Emmanuel Macron va devoir entamer des négociations avec le gouvernement allemand. L’effet Schulz s’est émoussé dans le pays, et avec lui la perspective de la venue au pouvoir d’une nouvelle équipe plus ouverte. Quel autre compromis peut-il avoir en tête, dans ces conditions, si ce n’est de garantir à ses partenaires une forte discipline fiscale en échange de l’adoption de mesures budgétaires et fiscales au niveau de la zone euro ? De Rome à Madrid et de Paris à Lisbonne, quels que soient les gouvernements, l’enjeu va être d’obtenir de Berlin de timides marges de manœuvre tout en respectant formellement les traités. Ce n’est pas gagné.

Concernant l’Europe, une approche devrait prévaloir. Sur quelles nouvelles bases intégrant les dimensions sociales et fiscales et pourvue d’un fonctionnement solidaire et démocratique, l’Europe – qui a définitivement failli pour avoir puisé son inspiration dans les dogmes de l’ordo-libéralisme – pourrait-elle être refondée ? Ceux qui font état d’un plan A pour ne pas appliquer le plan B consistant à sortir de l’euro et de l’Union européenne ont la responsabilité d’éclaircir leurs projets. Cela suppose entre autre d’aborder de front la question centrale du blocage du gouvernement allemand. Dans sa configuration actuelle, l’Europe n’est pas viable mais faire l’autruche à ce propos n’est pas tenable.

Dans un premier temps, une conférence internationale pourrait être organisée afin de réunir toutes les compétences et bonnes volontés afin de définir un nouveau cadre européen. Sans en faire une machine de guerre contre ceux qu’il s’agit de convaincre au seul prétexte d’avoir raison.

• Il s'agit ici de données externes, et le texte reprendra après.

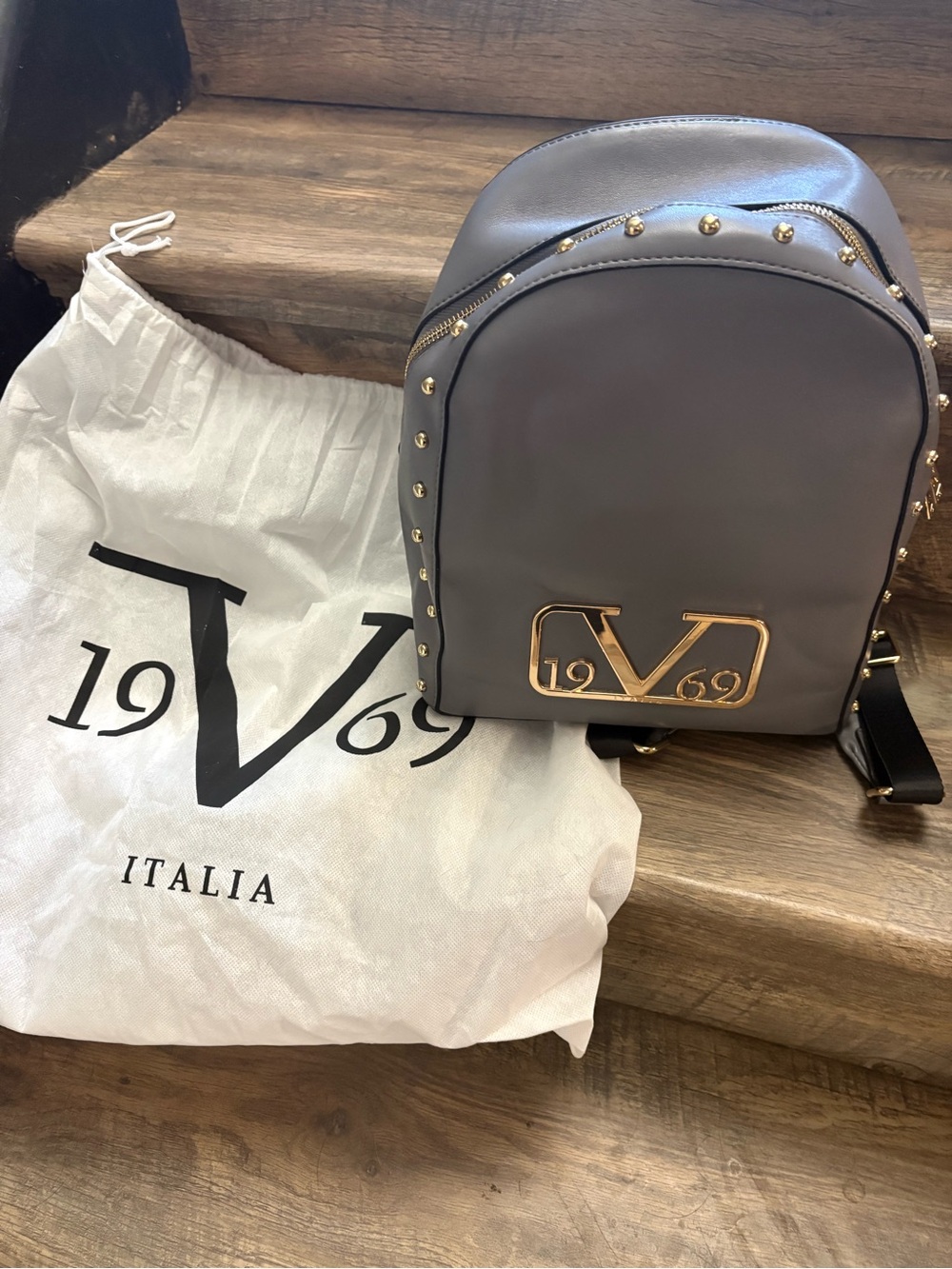 Versace 19V69 Gray Mini Backpack with Gold Studs and Logo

La crise politique dans laquelle toute l’Europe a basculé est partie pour durer. Elle ne se traduit pas par une poussée irrésistible de la gauche, comme cela avait pu être espéré lors de la montée flamboyante de Podemos, faisant suite à une victoire de Syriza qui a depuis tourné court. Après les partis communistes, c’est au tour des partis sociaux-démocrates, quand ils existent encore, d’être marginalisés ; les composantes traditionnelles de la gauche subissent une profonde érosion et la relève se cherche.

Au Royaume-Uni, le Labour party se prépare à connaître une écrasante défaite. En Italie, il est fortement question d’une alliance Renzi-Berlusconi pour barrer la route au Mouvement des 5 étoiles, tandis qu’en Espagne Mariano Rajoy pourrait sortir vainqueur d’élections anticipées. Isolé, le Portugal reste l’exception avec un gouvernement socialiste appuyé par l’extrême-gauche et le Parti communiste.

Un identique et puissant rejet se manifeste dans toute l’Europe, empruntant des canaux inédits et parfois très inappropriés, avec pour conséquence que l’extrême-droite s’installe dans le panorama politique. Une traduction politique alternative et majoritaire continue de se chercher. Il aurait d’ailleurs été étonnant qu’elle soit trouvée en si peu de temps, vu l’ampleur et le caractère radical du programme à formuler. Là est l’urgence.